> Source records:
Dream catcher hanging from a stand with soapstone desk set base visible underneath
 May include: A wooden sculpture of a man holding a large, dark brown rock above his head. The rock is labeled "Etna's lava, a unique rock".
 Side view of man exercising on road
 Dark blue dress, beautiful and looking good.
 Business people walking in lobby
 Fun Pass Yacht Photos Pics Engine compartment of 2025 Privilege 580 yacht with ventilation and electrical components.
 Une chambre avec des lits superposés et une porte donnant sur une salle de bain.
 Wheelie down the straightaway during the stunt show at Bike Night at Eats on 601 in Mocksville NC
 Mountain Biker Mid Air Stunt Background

> About this task:
Write out the lines above from the one containing "Dark blue dress, beautiful and looking good." through the last, exactly as they are.

> Output of the exercise:
 Dark blue dress, beautiful and looking good.
 Business people walking in lobby
 Fun Pass Yacht Photos Pics Engine compartment of 2025 Privilege 580 yacht with ventilation and electrical components.
 Une chambre avec des lits superposés et une porte donnant sur une salle de bain.
 Wheelie down the straightaway during the stunt show at Bike Night at Eats on 601 in Mocksville NC
 Mountain Biker Mid Air Stunt Background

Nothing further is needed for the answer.